Only these lines, please: the first one of the records through the one containing "There you go.", retyped exactly, both ends included and pictures omitted.

--- MATERIAL FOR THIS EXERCISE ---

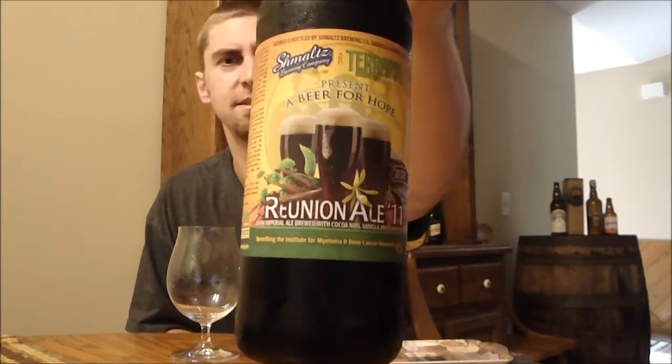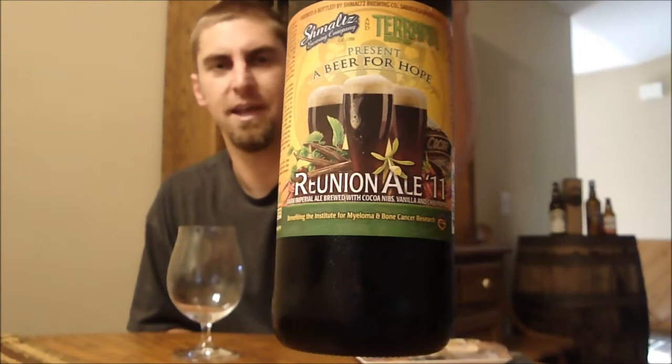Today I'm going to look at a beer. It's a collaboration beer between two breweries I've never had a beer from — that's Hebrew or Schmaltz Brewing Company and Terrapin Brewing out of Athens, Georgia. This is their Reunion Ale 2011, a collaboration ale to benefit the Institute of Melanoma and Bone Cancer Research. So it's actually a charity beer, and both breweries came together to brew this one.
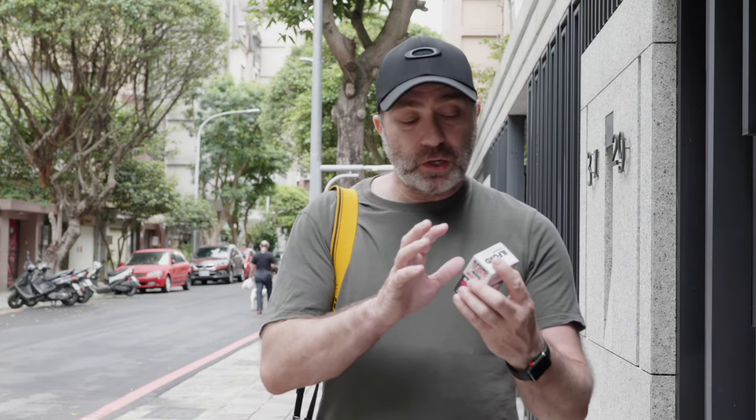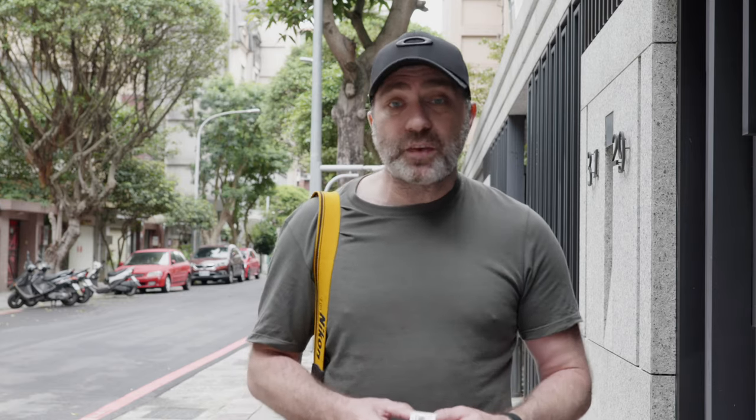So it's much cheaper to get developed and faster. I've used it quite a bit here in Taiwan and I'm quite happy with the results, but I've never compared it to another film. Now I've compared XP2 and Pan 400 together, and it'll be quite interesting to see the results. The local lab here is developing them for me, then I'm going back to New Zealand to scan the negatives. If you haven't seen my video on how I scan negatives, check it out — it's had nearly 300,000 views.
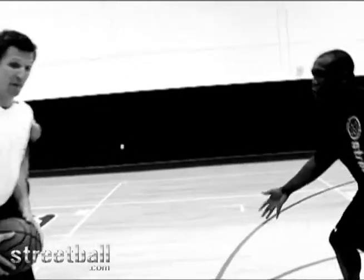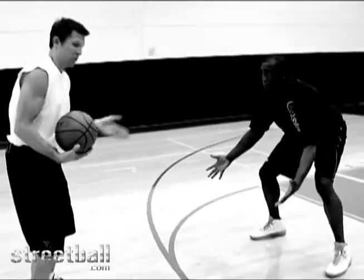This is the Chris Paul Inside Out. Basically, I want to change the defensive stance. If I see his sternum, I got to make a move or change direction.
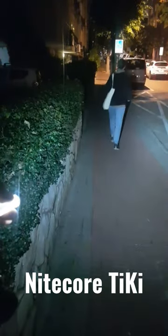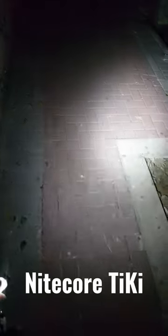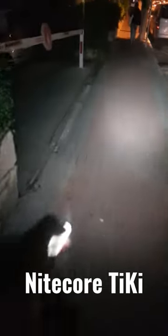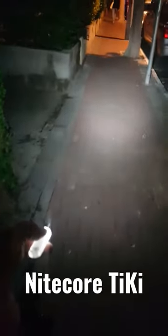There you go. So now I can see the road, now my dog can see the road, now we can both see where we're going — and all with this tiny Nitecore TIKI that lives on my keychain. And if you haven't watched my video about the keychain, go watch it.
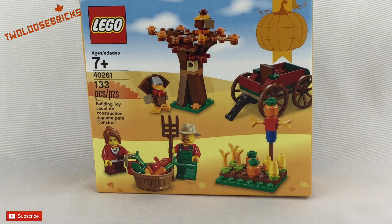How's it going Bricksters and Lego friends? What are you building today? Well, I have Lego set 40261, the Fall Harvest set. It was a promotion and you can get it at lego.com — I think it's around $12.99 Canadian.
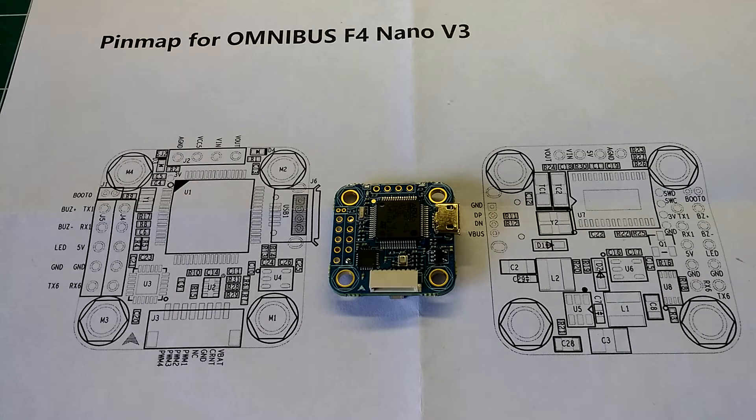Hey, what's up guys? Still Rain here and welcome back to my channel. Today I'm going to be doing a review, an overview, of the AirBot Omnibus F4 Nano version 3 with the LC filter.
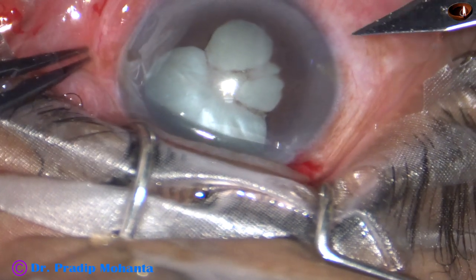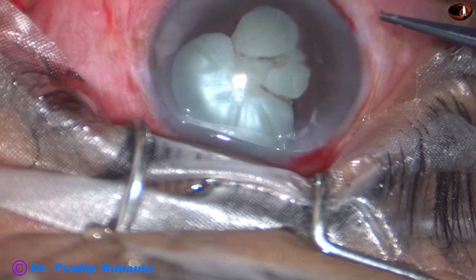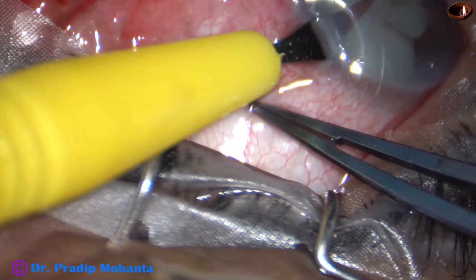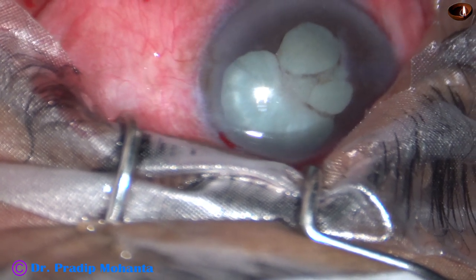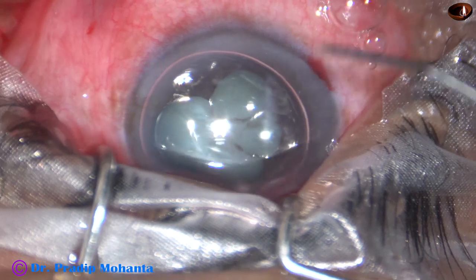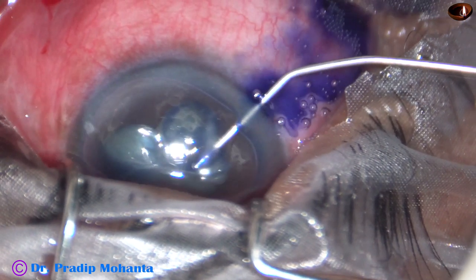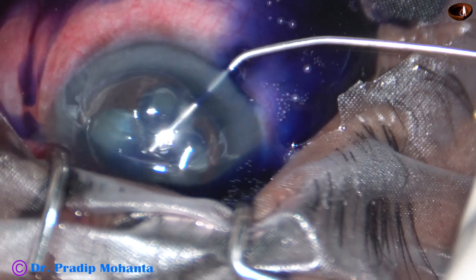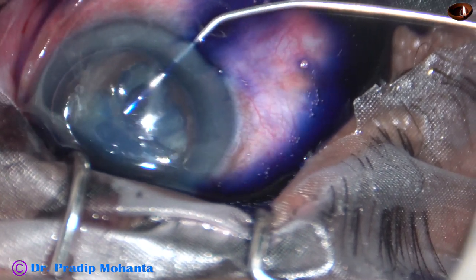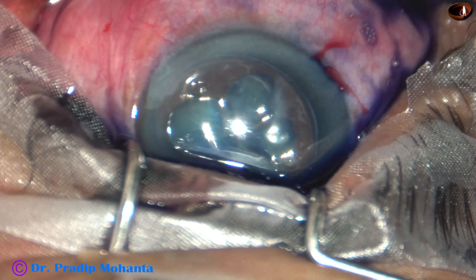Now I take a lance-tip knife and make a side port at 8 o'clock on the right side of the main incision, and another side port at around 2 o'clock on the left side of the main incision. My plan is to stain the anterior capsule nicely. Here goes an air bubble. Beneath this air bubble, I apply 0.06% trypan blue dye over the anterior capsule and the exposed cortex. In this case, the anterior capsule is torn from 11 o'clock to 6 o'clock.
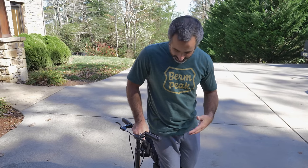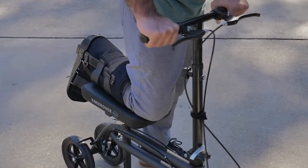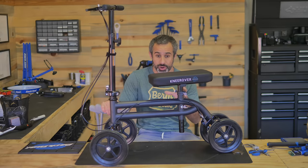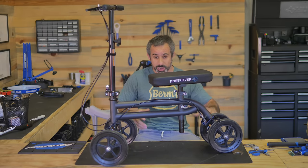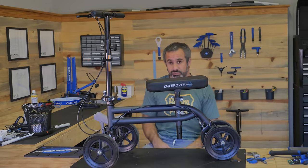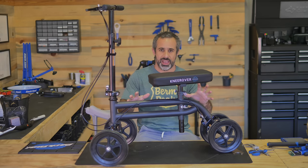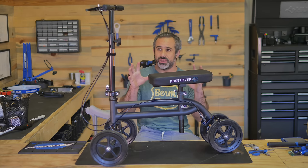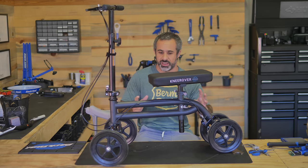Coming from bicycling and seeing that a lot of this is bike parts — it's got a head tube, it's got wheels and all that — I know it could be better. When I mentioned I'd be doing a knee rover upgrades video, people were like 'you're going to put a dual crown fork on it, big wheels, brush guard, recovery hooks.' Look, I need to use this to get around. This is my reality. So I'm going to be dead serious about this — we're only doing things that are practical and actually going to make it better.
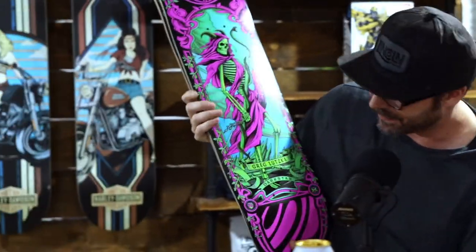And yeah, here's the actual boards. Look at those things — the color on those. This is probably one of my most favorite series.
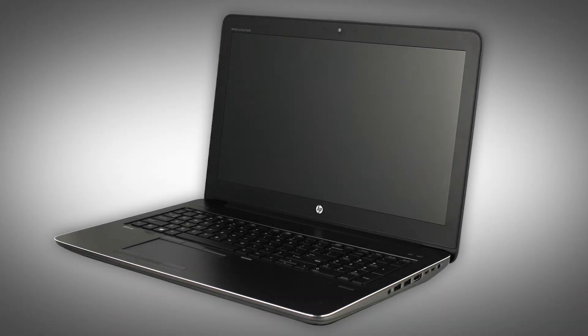The following video depicts a specific configuration of the notebook. The same removal and replacement procedures apply to all configurations of the notebook.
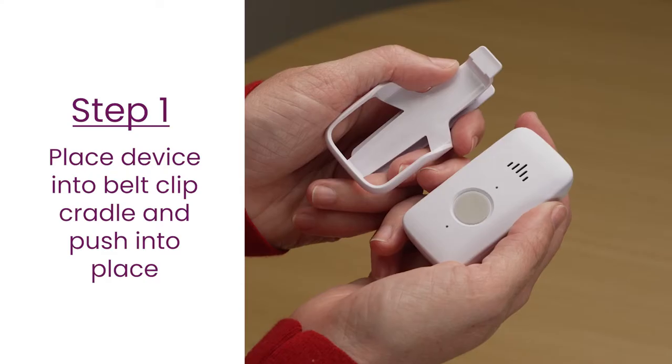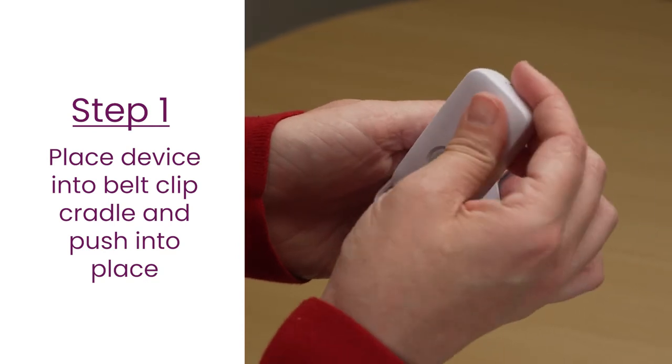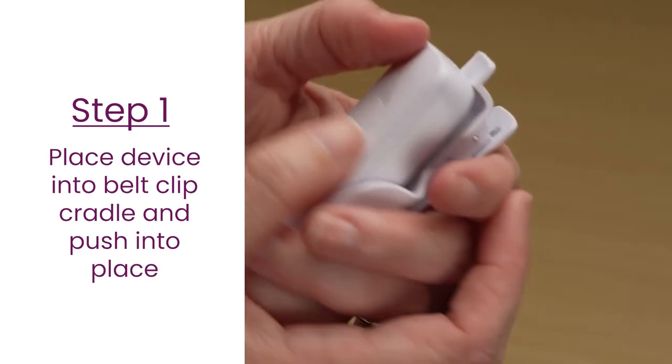With the belt clip in one hand, place the device into the belt clip cradle and push until you hear the device click into place.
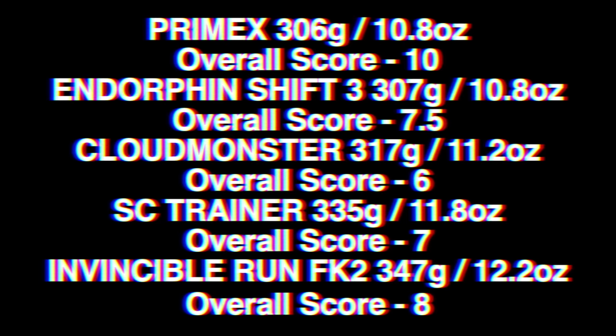Weight-wise: 306 grams for the Prime X, 307 for the Endorphin Shift 3, 317 grams for the Cloud Monster, 335 for the SC Trainer, and the Invincible Run Flyknit 2 in last place at 347 grams. It should be noted that the SC Trainer does come in at a UK 11.5, which is a US 12, so effectively all of these shoes are US 12. There's quite a noticeable difference between the Prime X and the Invincible Run and all the other shoes in today's video.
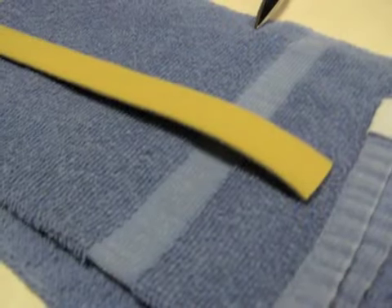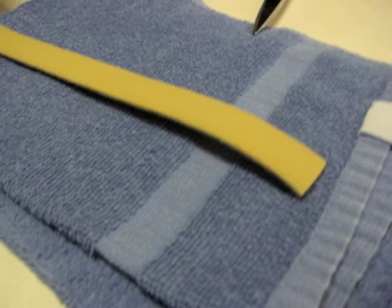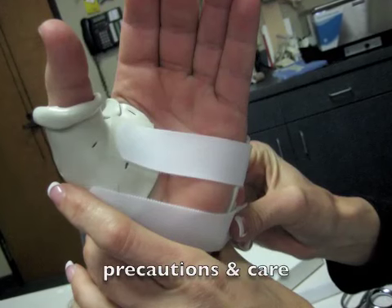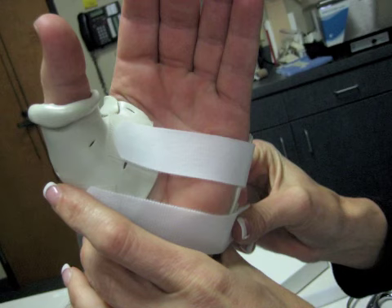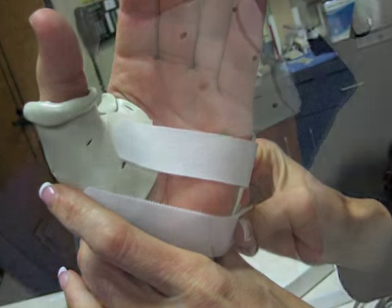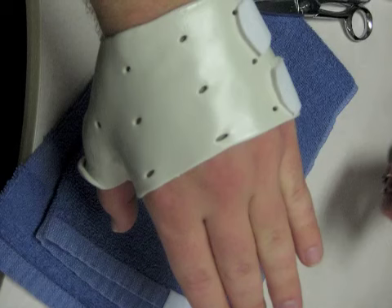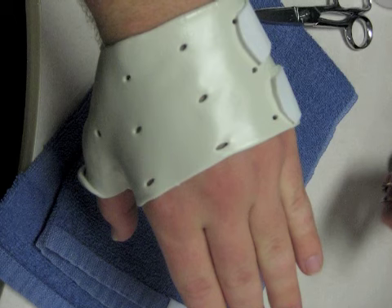If the splint is to be worn at night or is preferred by the client, a softer strap with more cushion can be provided. Once the splint is finished, provide education about precautions and care for the splint. Instruct your client to keep the splint away from open flames and to not leave it in a hot car because it may lose its shape. Also, instruct the client not to make any changes to the splint themselves — if changes are needed, they should contact their therapist.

---

EXERCISE SOLUTION
Today I'm going to look at a beer. It's a collaboration beer between two breweries I've never had a beer from — that's Hebrew or Schmaltz Brewing Company and Terrapin Brewing out of Athens, Georgia. This is their Reunion Ale 2011, a collaboration ale to benefit the Institute of Melanoma and Bone Cancer Research. So it's actually a charity beer, and both breweries came together to brew this one.
So it's much cheaper to get developed and faster. I've used it quite a bit here in Taiwan and I'm quite happy with the results, but I've never compared it to another film. Now I've compared XP2 and Pan 400 together, and it'll be quite interesting to see the results. The local lab here is developing them for me, then I'm going back to New Zealand to scan the negatives. If you haven't seen my video on how I scan negatives, check it out — it's had nearly 300,000 views.
This is the Chris Paul Inside Out. Basically, I want to change the defensive stance. If I see his sternum, I got to make a move or change direction.
There you go. So now I can see the road, now my dog can see the road, now we can both see where we're going — and all with this tiny Nitecore TIKI that lives on my keychain. And if you haven't watched my video about the keychain, go watch it.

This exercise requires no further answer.